----- Listed records
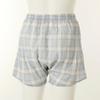 Wacoal Men S Trunk Cotton Yarn Dyed Check Wmp5414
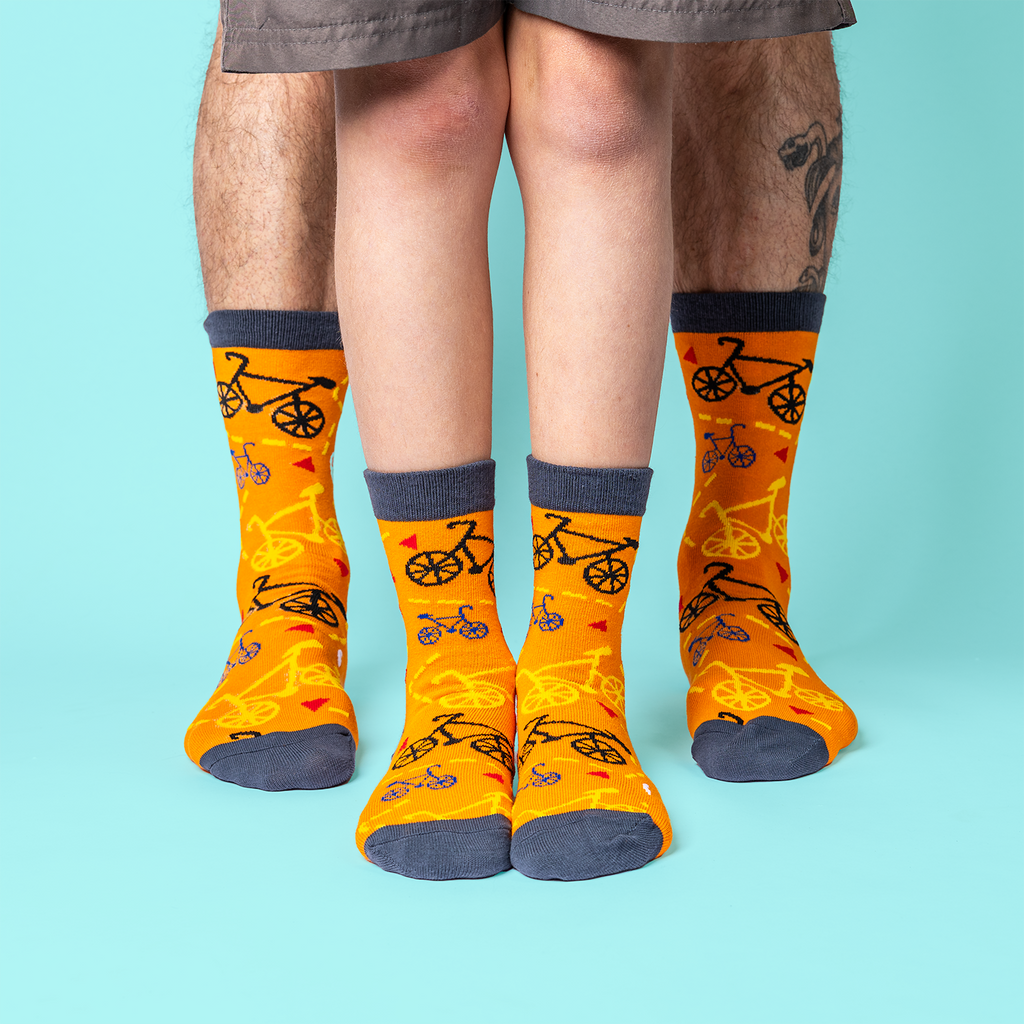 Jolly Soles MiniMe_Bikes Sock Sets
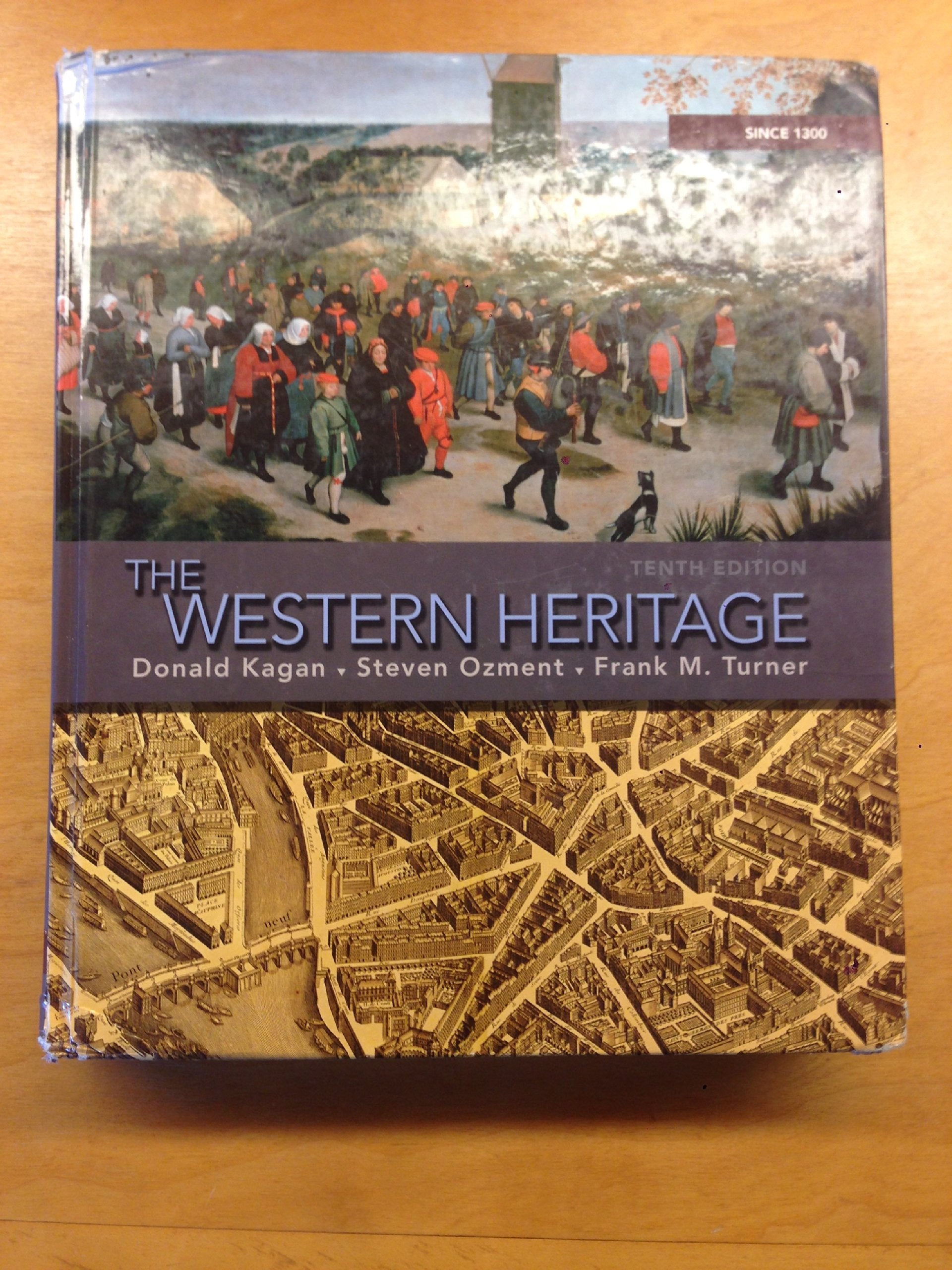 Product Image: The Western Heritage: Since 1300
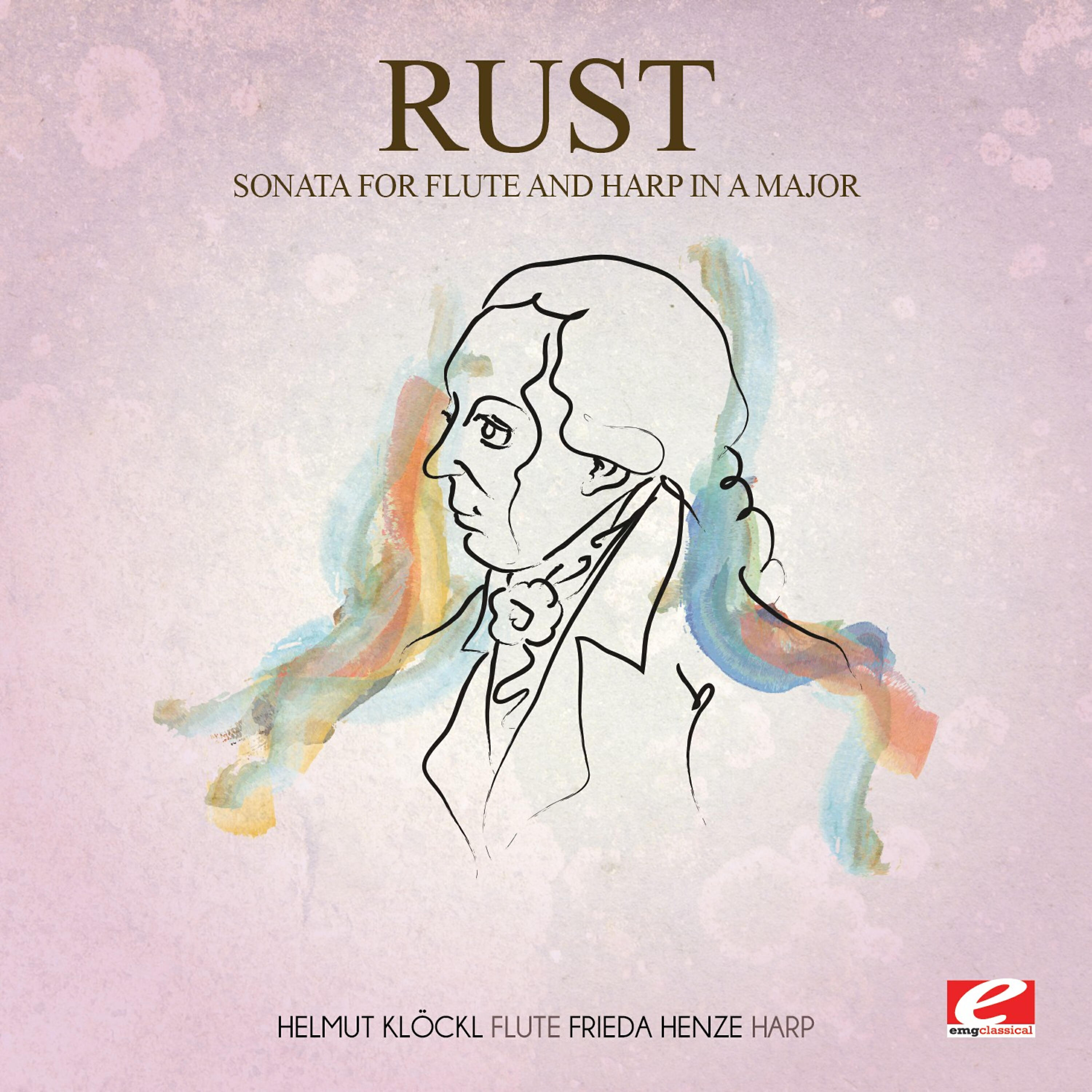 Релиз Rust: Sonata for Flute and Harp in A Major (Digitally Remastered)
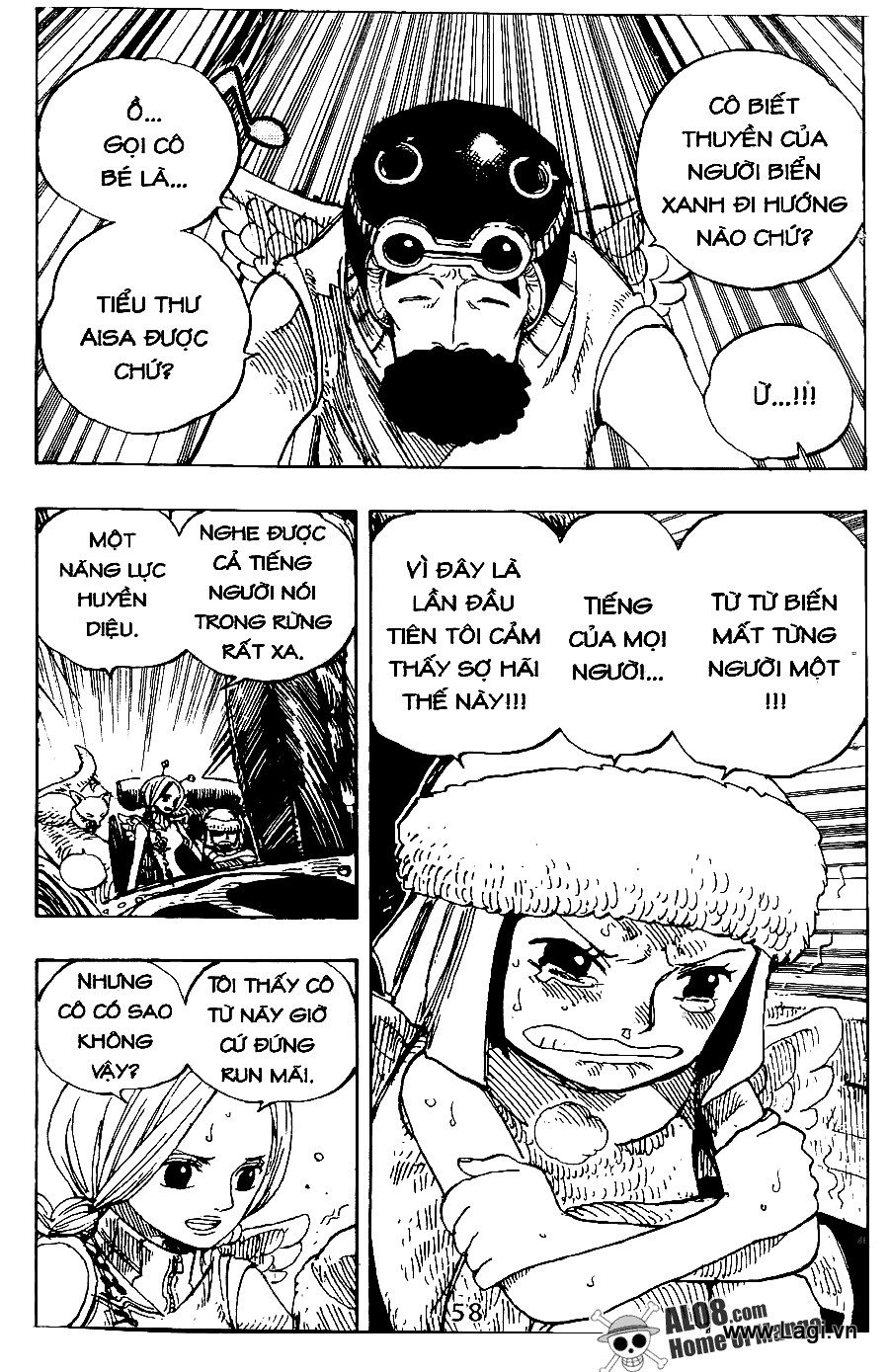 One Piece Tập 264 - Trang 2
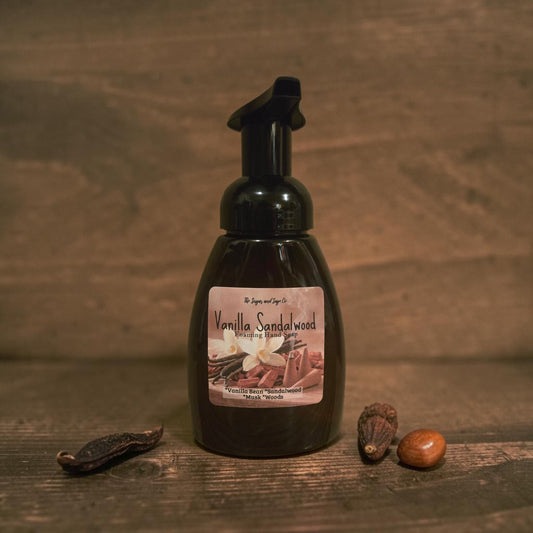 Vanilla Sandalwood Foaming Hand Soap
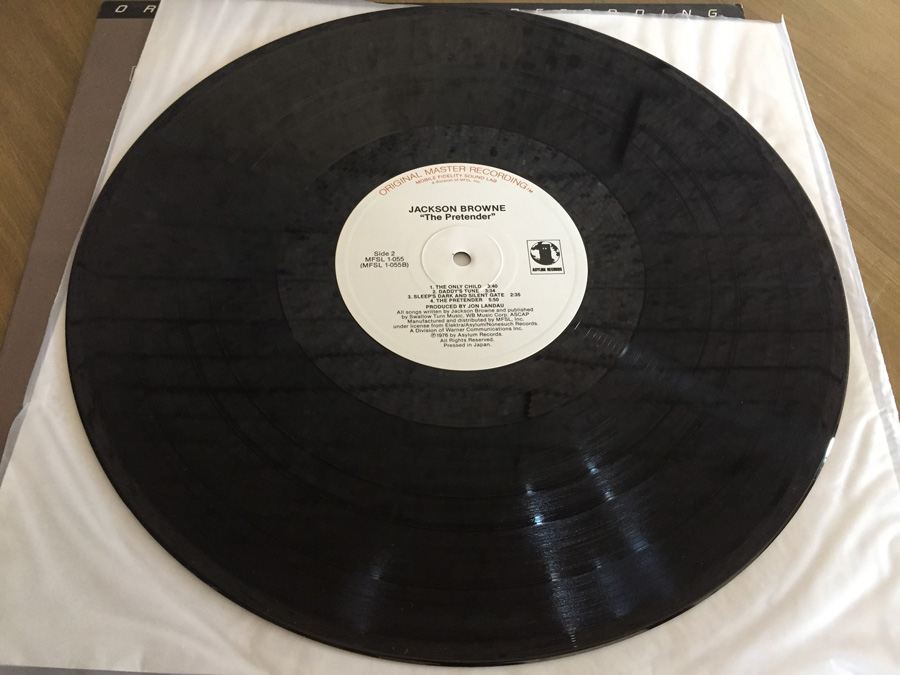 Jackson Browne ‎- The Pretender - Mobile Fidelity Sound Lab ‎- MFSL 1-055 [Photo 8]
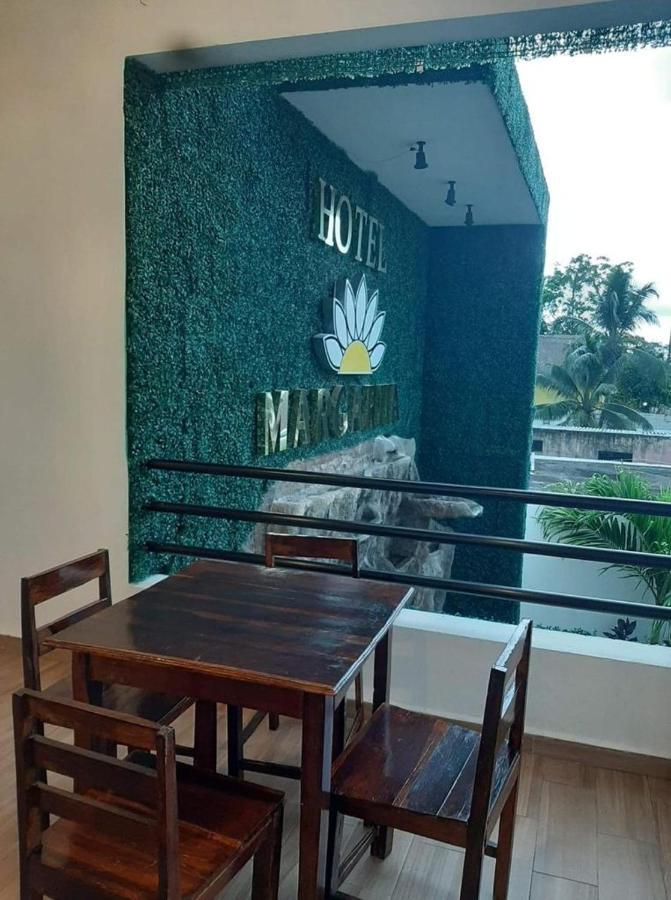 Hotel Margarita Bacalar Ngoại thất bức ảnh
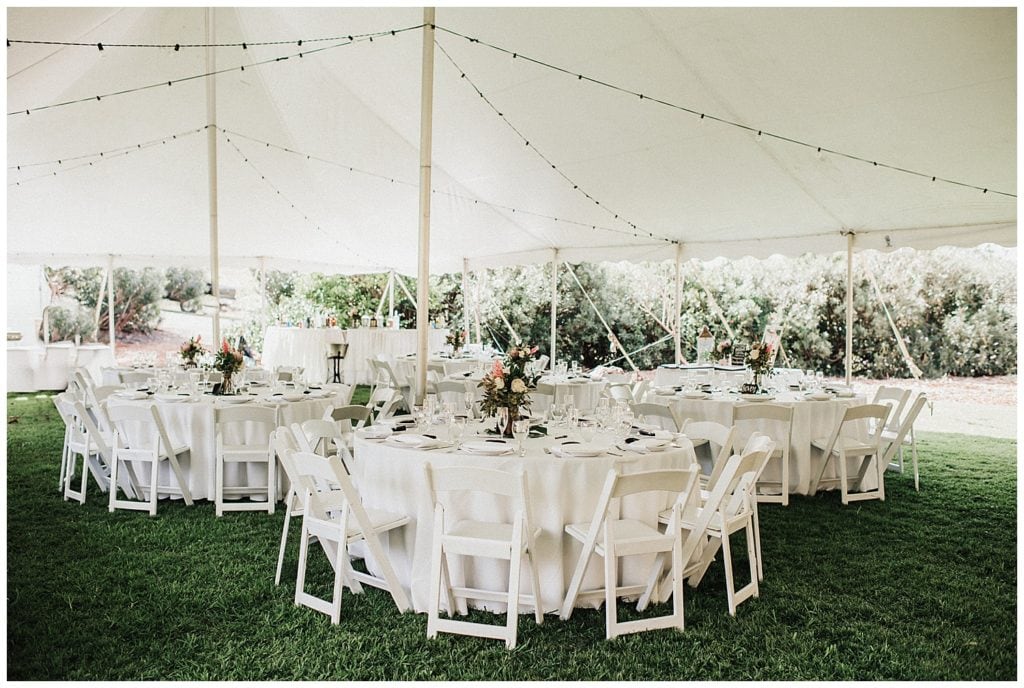 Kula Maui Wedding Photographer Amy Jayne pictures of the couple getting married at a private venue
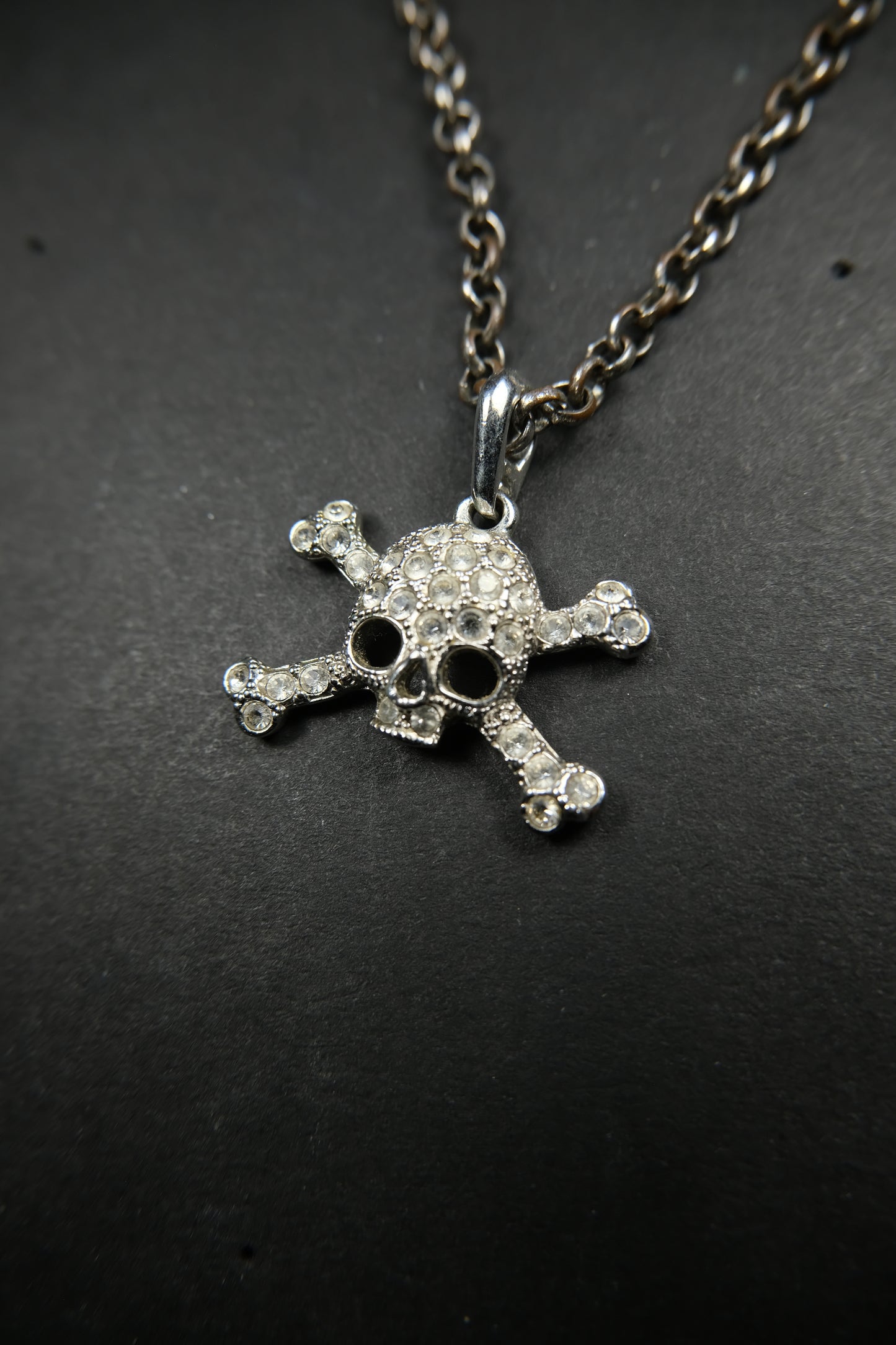 Vivienne Westwood Skull Necklace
----------
Exercise instructions
The answer consists solely of the lines from the one holding "One Piece Tập 264 - Trang 2" through the final line of the records, both ends included, each duplicated exactly. Leave images out.

Solution to the problem
 One Piece Tập 264 - Trang 2
 Vanilla Sandalwood Foaming Hand Soap
 Jackson Browne ‎- The Pretender - Mobile Fidelity Sound Lab ‎- MFSL 1-055 [Photo 8]
 Hotel Margarita Bacalar Ngoại thất bức ảnh
 Kula Maui Wedding Photographer Amy Jayne pictures of the couple getting married at a private venue
 Vivienne Westwood Skull Necklace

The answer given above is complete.